The audience

The University played host to the Royal Musical Association’s Annual Postgraduate Conference between 6 and 8 January. Just over 100 postgraduate students from across the UK, and beyond (participants came from China, Brazil, the United States, Canada and German) gathered for three days of discussion and debate.

The subjects of the papers given was impressively wide - from the early Renaissance to the early twentieth century in Art Music, many aspects of popular music and ethnomusicology, and there were also workshops for composers, both electroacoustic and instrumental. Although nearly all aspects of musicology were represented, there were particularly strong showings in Music Analysis (especially for the nineteenth and twentieth centuries), film and video music, world musics, and British musical culture in the eighteenth and nineteenth centuries. The instrumental composers’ workshop was also very successful, with six pieces being performed by members of Birmingham Contemporary Music Group under the direction of Daniele Rosina, Scott Wilson, Jonty Harrison and Howard Skempton.

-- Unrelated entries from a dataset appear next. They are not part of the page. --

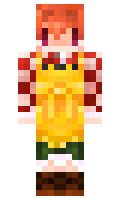 Shichiri minecraft skin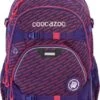 Coocazoo Schulrucksack ScaleRale FreakaSneaka Rose Purple Ltd. Edition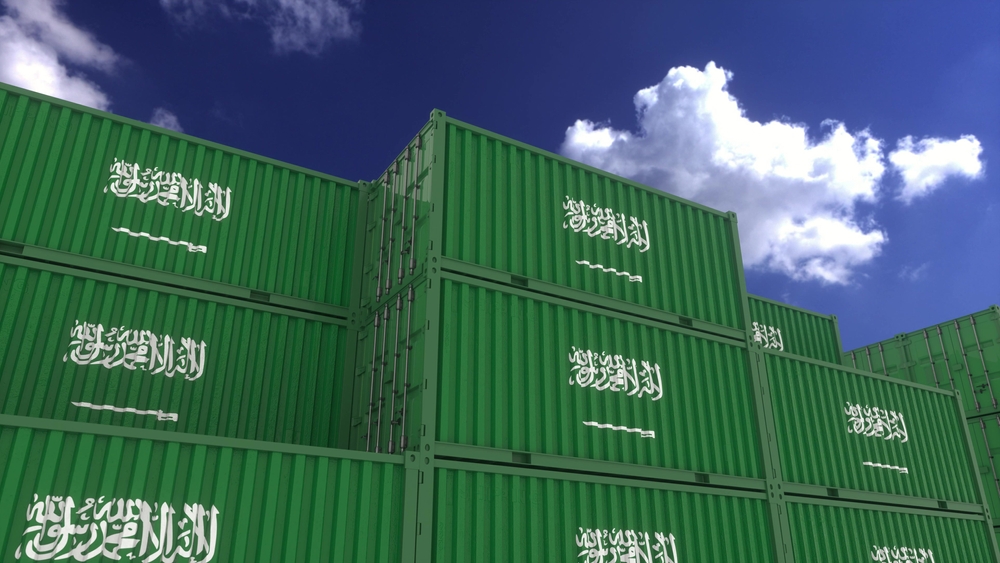 The value of exports surged over 15 percent year-over-year to 35 billion dirhams ($9.53 billion), according to a press release by the Dubai Chamber of Commerce issued on Wednesday. (Shutterstock)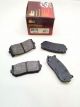 MD775 Partsmaster Disc Brake Pads Fits Kia Spectra 2000 2001 2002 2003 2004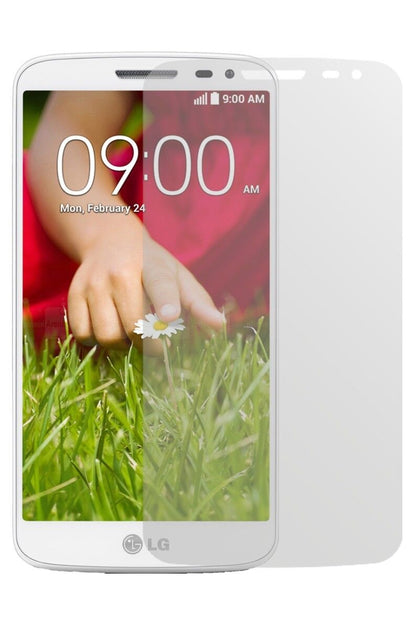 2x Schutzfolie matt für G2 Mini LG Display-Schutzfolie
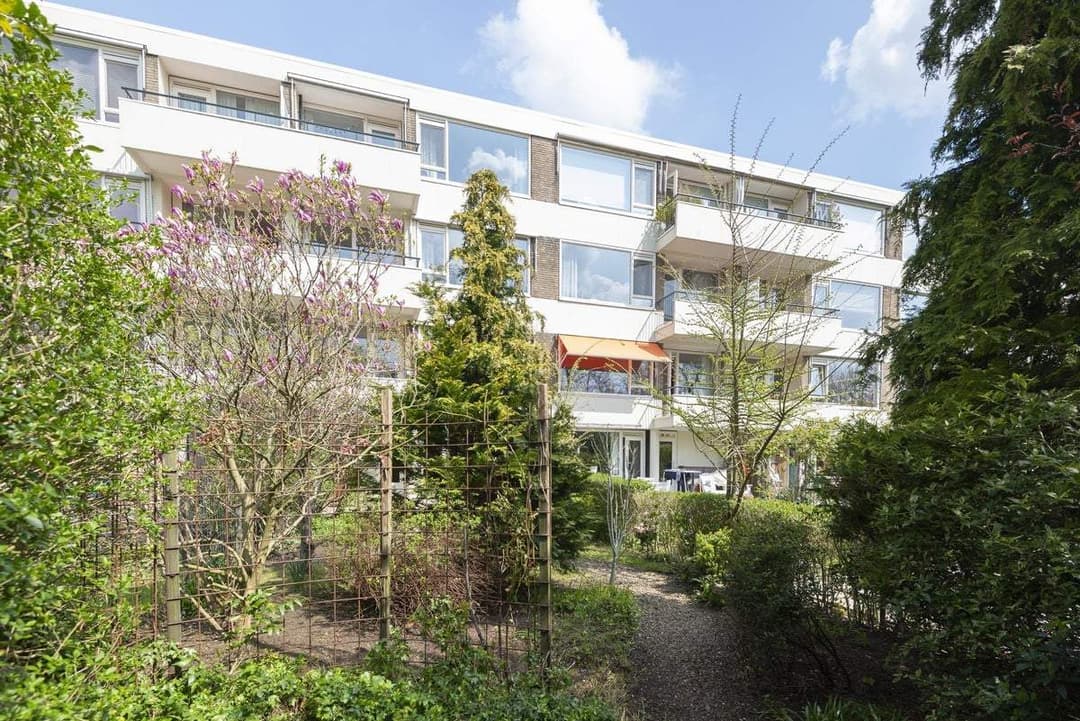 Flat De Lairesselaan 58, Rotterdam - Te Huur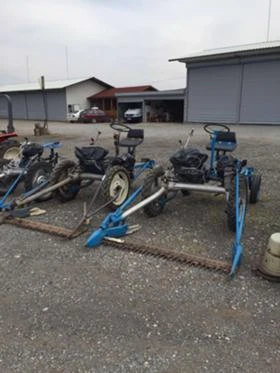 Сенокосачка BCS 645, снимка 3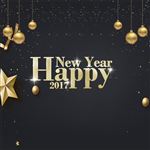 2017新年快乐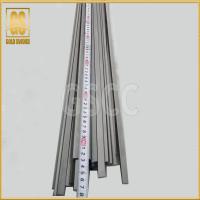 O molde 2M Long Tungsten Carbide descasca 1670*50*3mm para cortar o couro de papel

These were complemented by a series of plenary sessions including ‘How to Get Published’ (Dr Laura Tunbridge, University of Manchester), the Jerome Roche Lecture, given by Dr Chris Chowrimootoo on Britten’s The Turn of the Screw, and the composer Howard Skempton talking on ‘Exploring the Hinterland’. It was very unfortunate that our other keynote speaker, Professor Georgina Born (University of Oxford) was caught up in the ‘polar freeze’ in North America and was unable to reach Birmingham in time.

A postgraduate conference would be incomplete without a social dimension and we were grateful to Routledge for sponsoring a wine reception, and to Bank restaurant for hosting an evening meal for about half the delegates on the second day.